Uniforms and shoes are in order. Everyone has two uniforms, one of which is, however, very badly worn as no working clothes are distributed to the prisoners. Neither have they the wherewithal to protect their uniforms when they have to work in heavy rain, which often happens. On the day of the visit, the interior of the hutment was littered with uniforms and underclothing hung out to dry - the majority of the prisoners having had to work under adverse conditions the preceding day.

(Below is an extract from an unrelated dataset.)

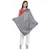 Silver Modal Solid Reversible Shawl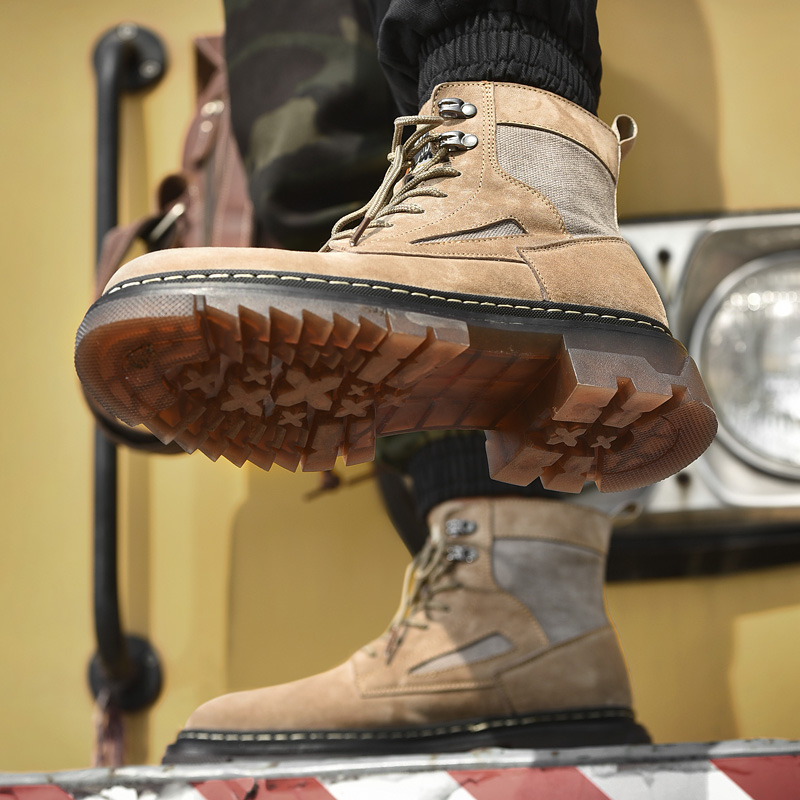 Lässige Martin-Stiefel, Schuhe für Herren, Leder, lässige Martin-Stiefel, leichte Herren-Turnschuhe, Lauf- und Wanderschuhe
_voghion.com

The prisoners in this detachment are anxious to receive a visit from an Anglican clergyman from time to time.
Recreation and exercise
The prisoners, who do very heavy work, do not play many games. They use their football at the weekend on a ground near the Camp. They are anxious to have a ping-pong game. They are short of musical instruments and would like to have some mouth organs, etc. Their football is almost unusable and the prisoners would be glad to have a new one.

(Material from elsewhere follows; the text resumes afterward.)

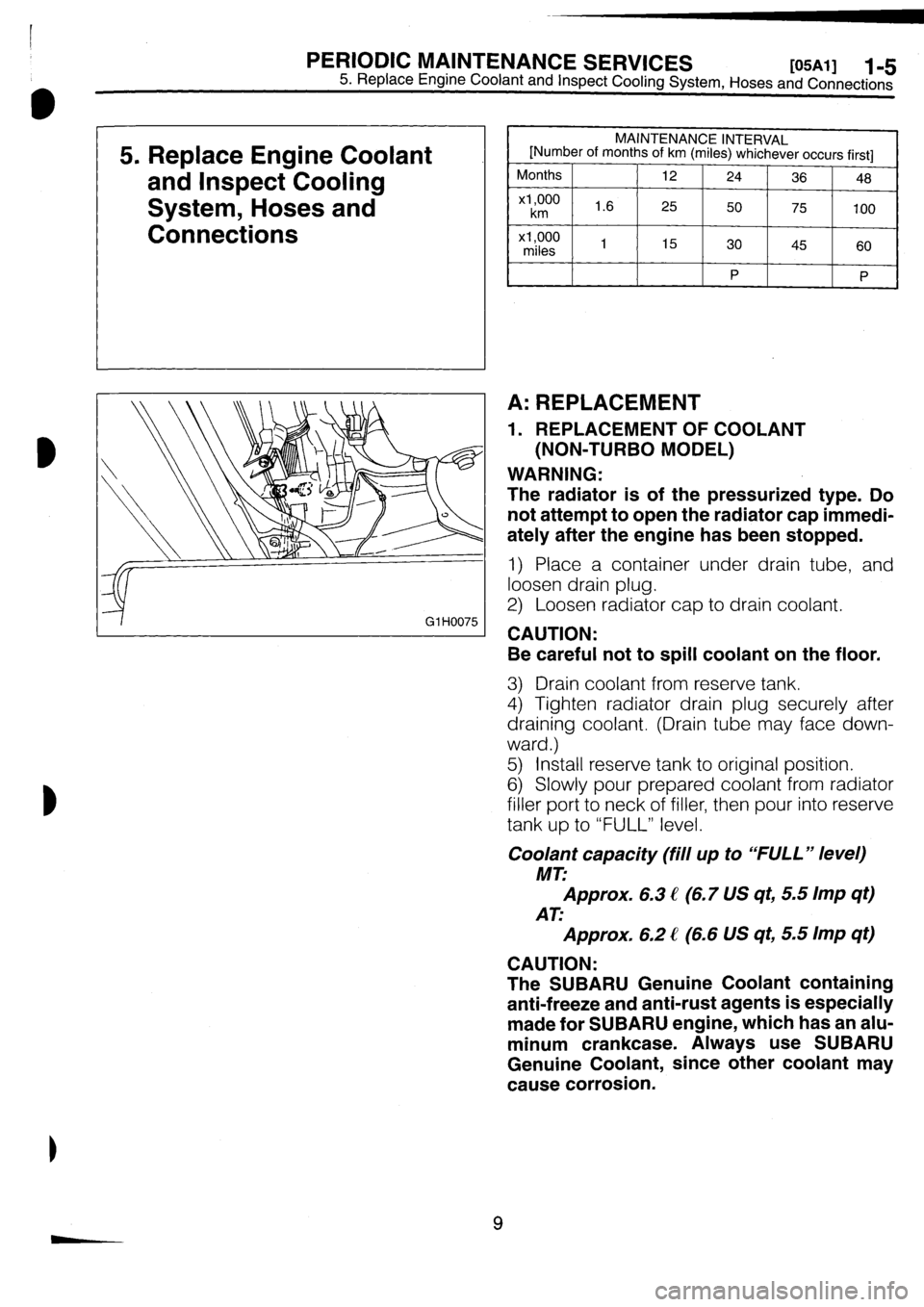 SUBARU IMPREZA 1996  Service Service Manual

The New Zealanders complain that they have received neither letters or parcels from home for a very long time. One prisoner has received no parcels for 7 months and another has only received 6 letters in 16 months, the last reaching him 14 weeks ago.
This detachment is not bad, but it should have the advantage of having as Camp Leader a prisoner with a more dynamic temperament who could rouse his comrades from their apathy.
Three men escaped at the beginning of the year and since then a dog has mounted guard in the Camp, where it is chained. No other measures have been taken as a result of these escapes.